Does Size Matter?

June 29th, 2013

At any gathering of clergy, you’ll hear talk of new programs, building projects or repairs, and the perennial struggle of getting people to give. But church size is the elephant in the room. Oh, you’ll hear about membership decline, outreach, and strategies for growth—but naming numbers, that’s where it gets scary.

The pressure is on to get more people through the door, more people involved, and more dollars in the plate. Pastors feel frustrated by simplistic “do this and people will come” campaigns. What worked at the megachurch across town isn’t likely to work in a completely different context, at least not without a hefty amount of adaptation. Sometimes, despite every effort to reach out and draw in, the results leave something to be desired. We feel judged, rated, or ranked, based on the number of cars that fill the parking lot on Sunday mornings.  It’s understandable that we want to downplay matters of size in favor of intangibles like spiritual maturity and a heart for mission.

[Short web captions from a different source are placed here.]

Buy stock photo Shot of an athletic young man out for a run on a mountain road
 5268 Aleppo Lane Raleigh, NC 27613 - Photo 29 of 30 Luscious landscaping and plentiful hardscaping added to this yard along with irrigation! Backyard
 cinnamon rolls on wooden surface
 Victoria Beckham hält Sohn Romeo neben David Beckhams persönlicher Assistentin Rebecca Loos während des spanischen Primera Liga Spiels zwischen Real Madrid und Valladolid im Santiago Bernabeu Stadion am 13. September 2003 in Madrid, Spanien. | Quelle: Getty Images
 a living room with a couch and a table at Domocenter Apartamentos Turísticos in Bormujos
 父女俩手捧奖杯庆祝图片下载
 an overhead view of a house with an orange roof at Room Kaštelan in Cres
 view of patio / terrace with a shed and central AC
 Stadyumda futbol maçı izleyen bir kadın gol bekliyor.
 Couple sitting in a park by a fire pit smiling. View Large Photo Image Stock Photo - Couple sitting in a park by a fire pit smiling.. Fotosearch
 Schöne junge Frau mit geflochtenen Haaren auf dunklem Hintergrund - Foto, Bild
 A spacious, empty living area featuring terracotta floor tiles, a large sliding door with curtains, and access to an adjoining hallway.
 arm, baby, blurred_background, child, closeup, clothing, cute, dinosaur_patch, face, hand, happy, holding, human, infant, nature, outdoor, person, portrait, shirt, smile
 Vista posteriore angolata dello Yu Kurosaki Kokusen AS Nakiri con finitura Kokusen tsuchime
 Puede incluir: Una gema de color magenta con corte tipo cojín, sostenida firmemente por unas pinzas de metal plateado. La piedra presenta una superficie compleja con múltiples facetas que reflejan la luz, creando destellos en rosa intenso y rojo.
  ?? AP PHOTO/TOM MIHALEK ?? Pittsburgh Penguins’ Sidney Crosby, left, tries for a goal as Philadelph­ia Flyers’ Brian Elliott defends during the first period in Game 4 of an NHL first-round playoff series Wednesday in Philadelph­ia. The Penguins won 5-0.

Does size really matter? Sometimes not. Churches of any size can serve their communities in significant ways, and an inspired sermon is powerful, whether it is heard by fifty people or five hundred. But the challenges experienced by a tall-steeple church of one thousand members are very different from the challenges experienced by a rural congregation of just a few families. Economies of scale demand a very different approach to discipleship, outreach, fellowship, and even the Sunday morning schedule.

There are unique needs and considerations for churches of various sizes, and also a lot we can learn from one another. In the previous issue of Circuit Rider (May/June/July), Deech Kirk, of the Center on Youth Ministry Training, pointed out how small, family-based churches are more likely to produce adults who actively participate in church than are big churches with dynamic youth ministries. From that, large youth programs learn the benefit of intergenerational relationships for faith formation.

In this issue, read how a large church puts its focus on discipleship rather than membership, how a small church eased the trauma of pastoral transition with a unique leadership model, and much more. Learning from each other, we can enhance our ministries in our own contexts, and become a more faithful church, whether worship is a gathering of two or two thousand.